For now, Bartlett is a football town.
As they enter the Central Texas town, drivers on Texas 95 are greeted by a sign that celebrates the three state titles won by the high school’s football team. The Bulldogs claimed Class A championships in 1990, 1992 and 1999.
But before Bartlett established itself as a state contender in football, the Bulldogs proved to be pretty good in basketball, too. Bartlett lost by one point in the 1980 Class A championship game, and the Bulldogs were Class 2A finalists in 1983.
This winter, Bartlett’s boys basketball team is 18-1. So has the town rethought its claim to fame?

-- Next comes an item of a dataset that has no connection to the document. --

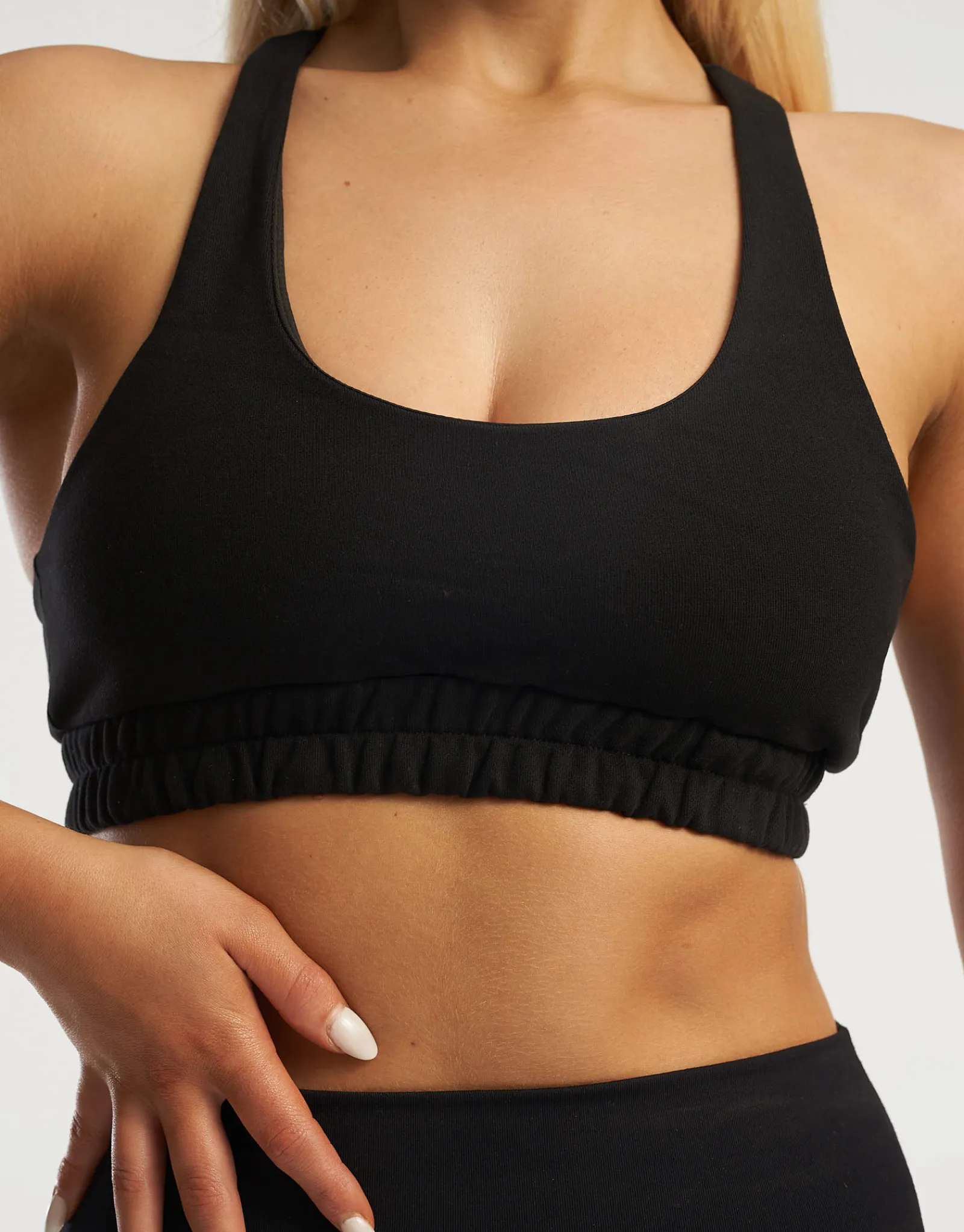 Clearance ECHT Tennis Sweat Sports Bra Black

“I think it’s going to become more of a basketball school now,” senior guard Kelvin Alston said. “Last year, we were the underdogs. This year, everybody knows us.”
Two years ago, a hardcourt revival did not appear likely in Bartlett. The Bulldogs won only three times during the 2011-12 season.
Then Shea Diffie, an assistant coach at Fort Worth Boswell, took over the program before the 2012-13 season. The Bulldogs proceeded to win 20 games and the District 26-A title.
“When I got here, I remember the first practice, sitting in and saying these guys have got some basketball players,” Diffie said. “All of these guys love the game of basketball, and they will play basketball every night if they can. They’re just gym rats.”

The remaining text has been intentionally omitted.